B. The Company, GEI II and the Management Investors are parties to the
following agreements: (i) that certain Management Stockholders Agreement dated
as of January 28, 1998 by and among the Company, GEI II and Xxxxxxx X. Xxxxxx
(the "Xxxxxx Agreement"); (ii) that certain Amended and Restated Management
Subscription and Stockholders Agreement dated as of February 1, 2000 by and
among the Company, GEI II and Xxxxx Xxxxxxxx; (iii) that certain Amended and
Restated Management Subscription and Stockholders Agreement dated as of February
1, 2000 by and among the Company, GEI II and Xxxx Xxxx; (iv) that certain
Amended and Restated Management Subscription and Stockholders Agreement dated as
of February 1, 2000 by and among the Company, GEI II and Xxxxx X. X'Xxxx; (v)
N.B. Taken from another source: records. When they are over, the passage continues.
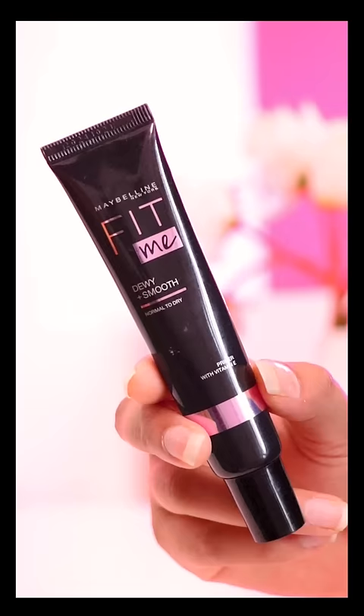Hi guys, let's do a quick test. Skin has been moisturized well and now the challenge is to apply primer on only one side.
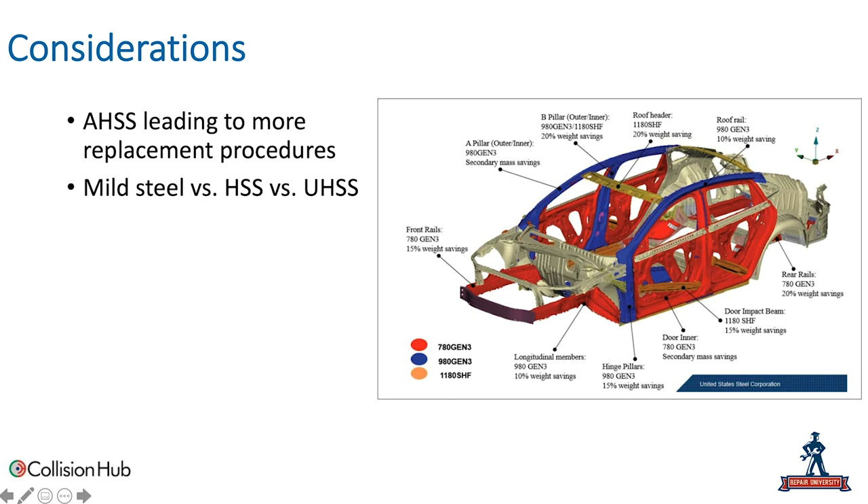Why has welded panel removal become more of an obstacle than it was five, ten, or certainly fifteen to twenty years ago? The advanced high strength steels used on today's vehicles are stronger than ever. We're replacing a lot more panels. Real body men today should be replacing more panels because with high and ultra-high strength steels, we can't straighten them. And because they're high and ultra-high strength steel, removing them can be more of a challenge than it used to be.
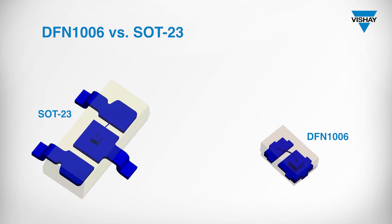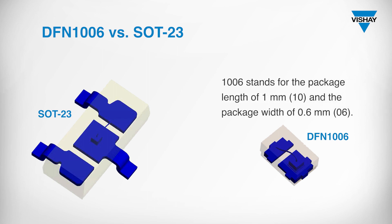The following video shows the difference between a standard SOT23 package and a DFN1006. 1006 stands for the package length of 1 mm and the package width of 0.6 mm.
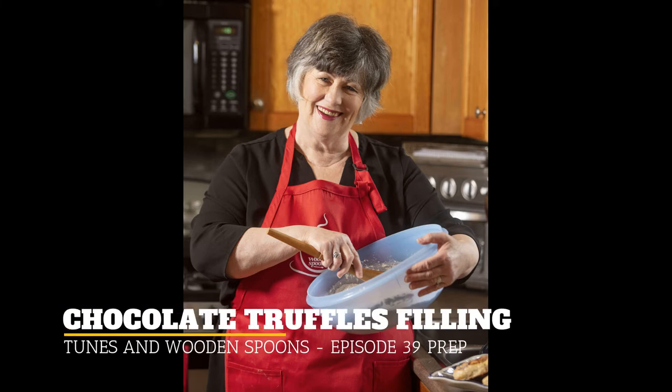Hi everyone. I'm just going to give you a few directions here for making the filling for the truffles so that you will have it refrigerated and ready to cover on Sunday.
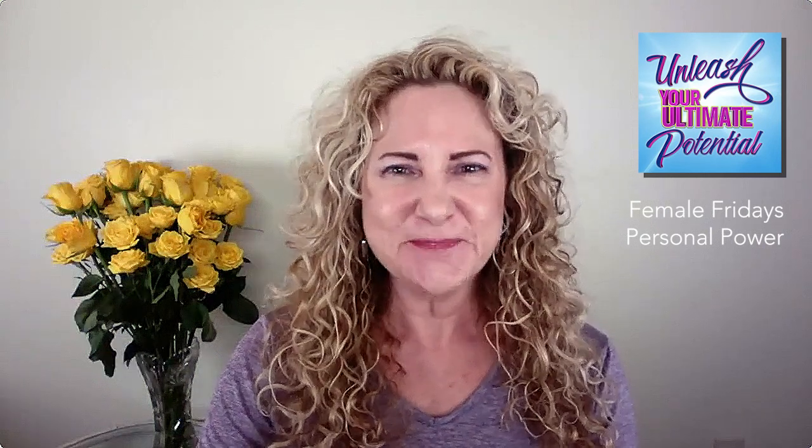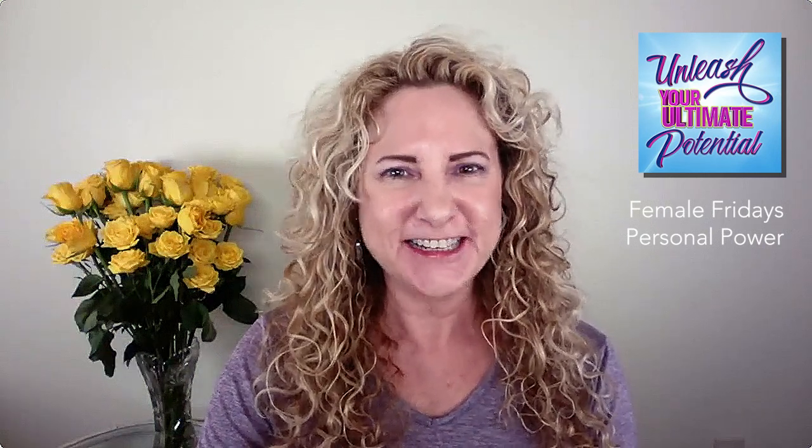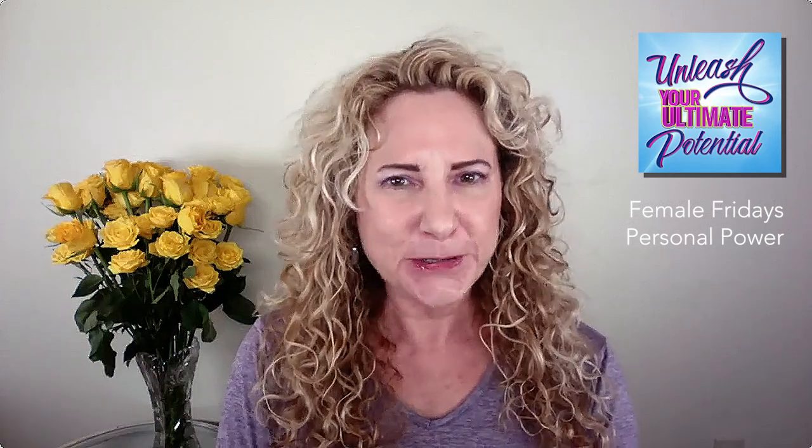Hi, thank you for joining me tonight. It's Female Fridays, and tonight we're going to be running some female energy along with our personal power. Our personal power is another word for our kundalini energy, so I tricked you a little bit. You didn't know you were going to be running kundalini energy tonight. Your kundalini energy in its most simplistic form is your own natural healing vibration, and we're going to get that kick started and run it through our energetic bodies while we run our female energy for a really nice healing.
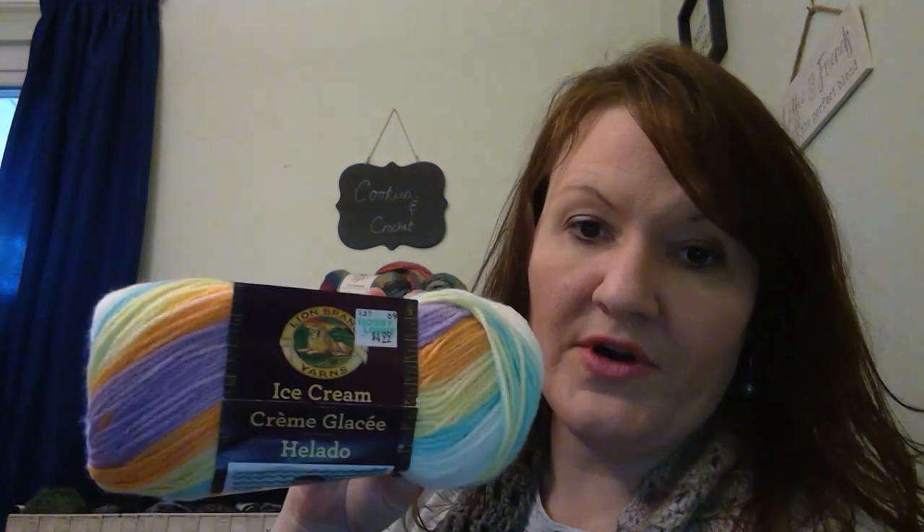These were on sale at Hobby Lobby — Lion Brand Ice Cream Baby Yarn. It was like $4.99. I thought it was pretty, bright, and colorful, and it's soft. It's called Banana Split. I've never tried this before — it's 100% acrylic. So I got two of those.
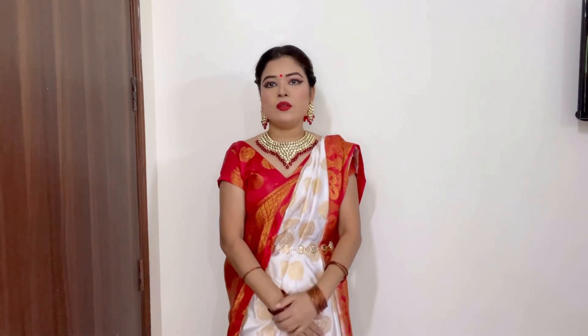So this is my final look. Please tell me in the comment box how you feel about my Bengali look. Please share your look too. That's it for today.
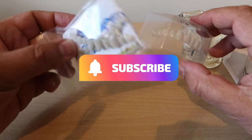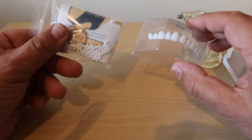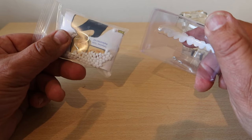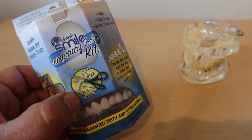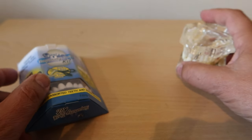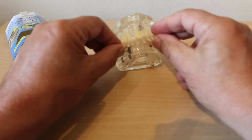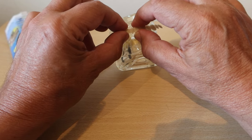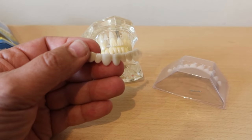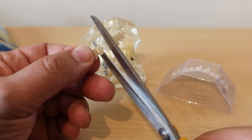Here we can see some different strips of teeth and they're different colours. You would choose the one that closest matches your own teeth. As you can see, this is the one that needs to be repaired, so we won't need all the rest of the teeth.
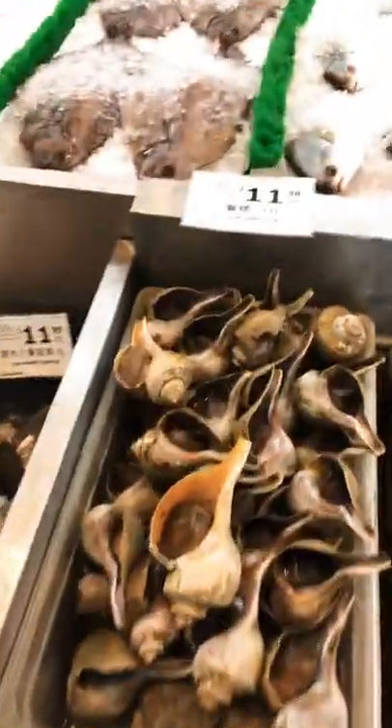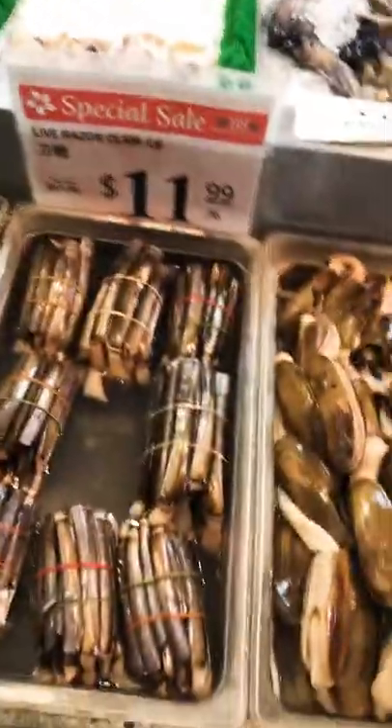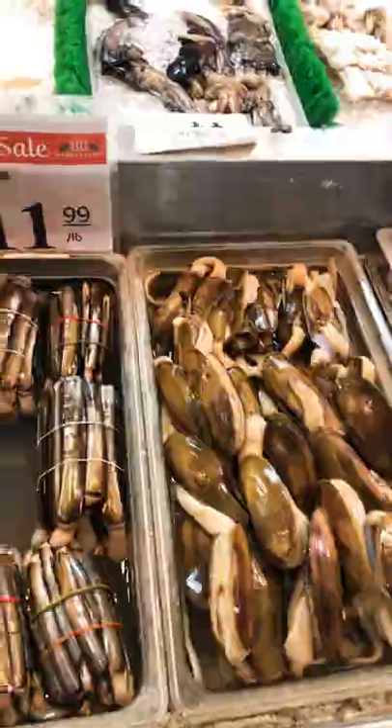How about a delicious lamb head? What else guys — how about some snails, some live contra, some eel. Everything in here, man. That's decent. Look at these sausage lobsters.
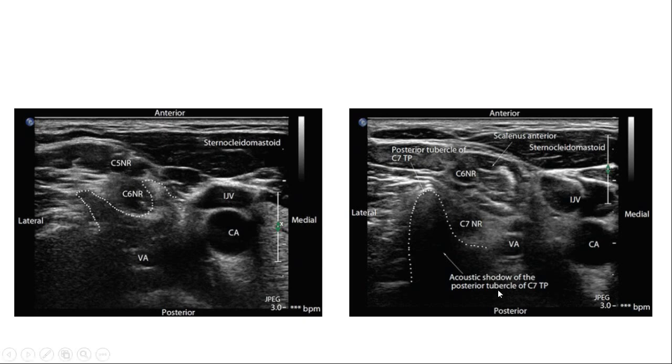To identify whether a root is C7 or C6: the C7 transverse process has only a posterior tubercle, while C6 and other cervical vertebrae have both anterior and posterior tubercles. Finding the transverse process with only a posterior tubercle — which is larger — identifies it as C7. This is a simple anatomical landmark for level identification.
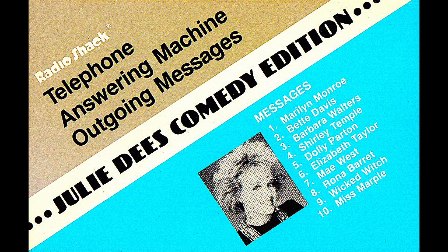Thanks for buying Radio Shack's outgoing messages. We're sure you'll enjoy using them as much as we enjoy doing them for you. The voices on this tape have been specially prepared to get you more messages. And now here's how to use them to your best advantage.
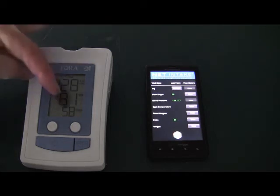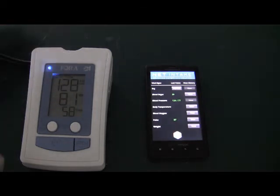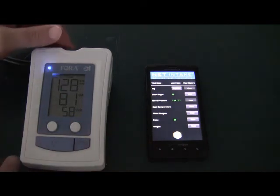We've captured 128 over 81 with a 58 pulse. Those values will be sent to the phone via Bluetooth.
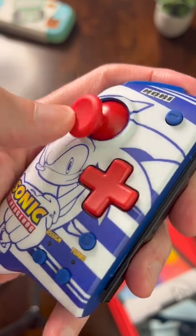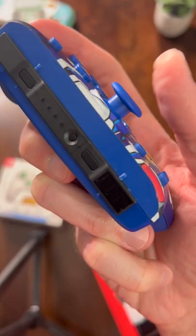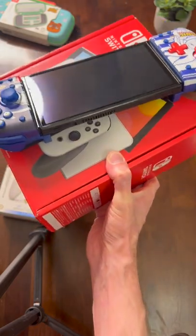My favorite thing though has to be these joysticks. They're made out of rubber and they just give you so much control, especially if you're going to be playing a console type game on your Nintendo Switch. And they designed it with these bumpers, so it's not going to actually hit buttons when you're just setting it down.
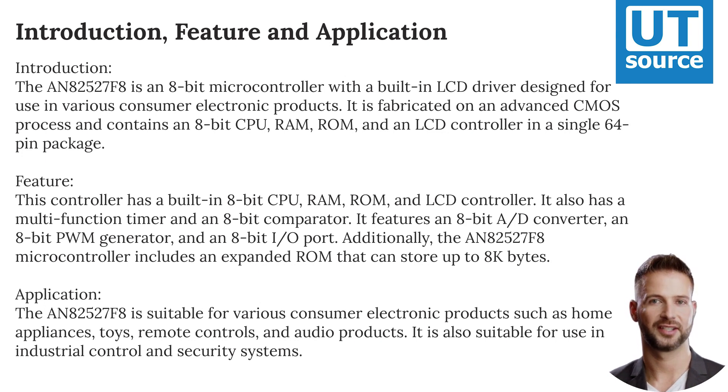an 8-bit PWM generator, and an 8-bit I/O port. Additionally, the AN-82527-F8 microcontroller includes an expanded ROM that can store up to 8 kilobytes.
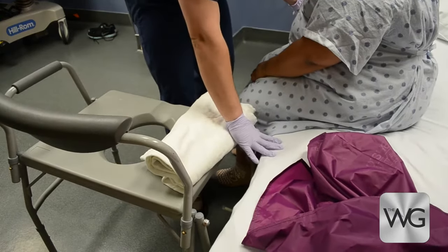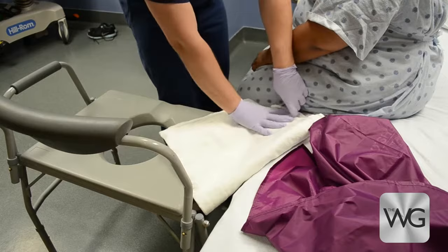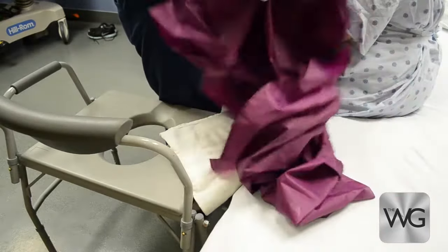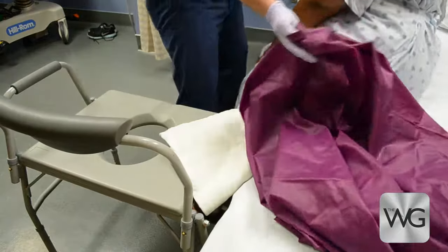If a gap exists between the commode and bed, bridge the gap using folded bed linen or a pillow. Take a single slide sheet, fold it in half, instruct the patient to lean toward the side away from the commode, and tuck the slide sheet under the patient's bottom and thigh. Ensure the patient is able to place her hand on the mattress surface, not on the slide sheet.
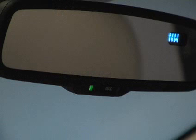Please note, when the inside temperature is low, it may take a little longer for the mirror to darken in response to reflected light.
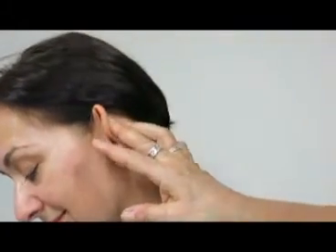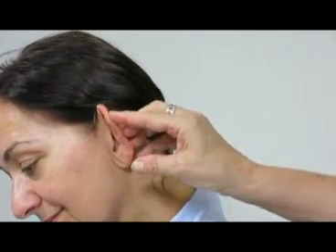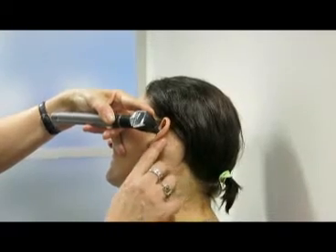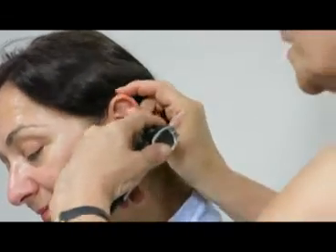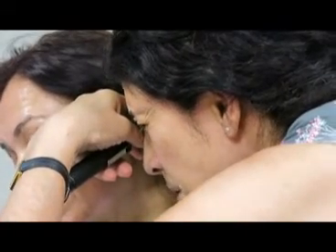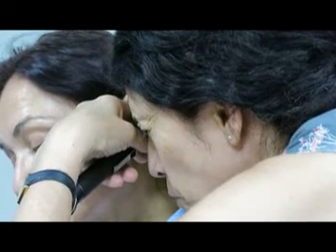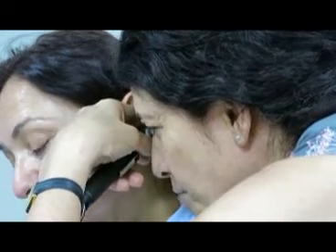The first thing I do before I take an impression is perform otoscopy. I have a look behind your ears to make sure there's never been any operations or mastoidectomies. If that's the case, you're going to have to have an ear, nose, and throat doctor pack her ears before we can take an impression. I've found out she hasn't had any operations, so now I'm going to have a look inside her ears. I want to make sure there has been no infections, no pus, and the ear is looking healthy. I'm also looking to see where the eardrum is positioned so I can put the otoblock in properly and to have full coverage of it.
that certain Amended and Restated Management Subscription and Stockholders
Agreement dated as of February 1, 2000 by and among the Company, GEI II and R.
Xxxxx Xxxx; (vi) that certain Amended and Restated Management Subscription and
Stockholders Agreement dated as of February 1, 2000 by and among the Company,
GEI II and Xxxxx Xxxxxxx; (vii) that certain Amended and Restated Management
Subscription and Stockholders Agreement dated as of February 1, 2000 by and
among the Company, GEI II and Xxxxxxxx Xxxx; (viii) that certain Amended and
Restated Management Subscription and Stockholders Agreement dated as of February
1, 2000 by and among the Company, GEI II and Xxxxxx Xxxxx; (ix) that certain
Management Subscription and Stockholders Agreement dated as of February 1, 2000
by and among the Company, GEI II and Xxxxxx X. Xxxxx; (x) that certain
Management Subscription and Stockholders Agreement dated as of February 1, 2000
by and among the Company, GEI II and Xxxxx Xxxx; (xi) that certain Management
Subscription and Stockholders Agreement dated as of February 1, 2000 by and
among the Company, GEI II and Xxxxx Xxxxx; and (xii) that certain Management
Subscription and Stockholders Agreement dated as of February 1, 2000 by and
among the Company, GEI II and Xxxxx Xxxxx (collectively, the "Management
Agreements" and, together with the Xxxxxx Agreement, the "Stockholders
Agreements").
C. GEI II has certain rights and obligations under and pursuant to the
Stockholders Agreements.
D. The Company and GEI III have entered into that certain Stock
Purchase Agreement dated as of the date hereof (the "GEI III Stock Purchase
Agreement"), pursuant to which GEI III will purchase shares of Common Stock and
other securities of the Company, upon the terms and conditions thereof.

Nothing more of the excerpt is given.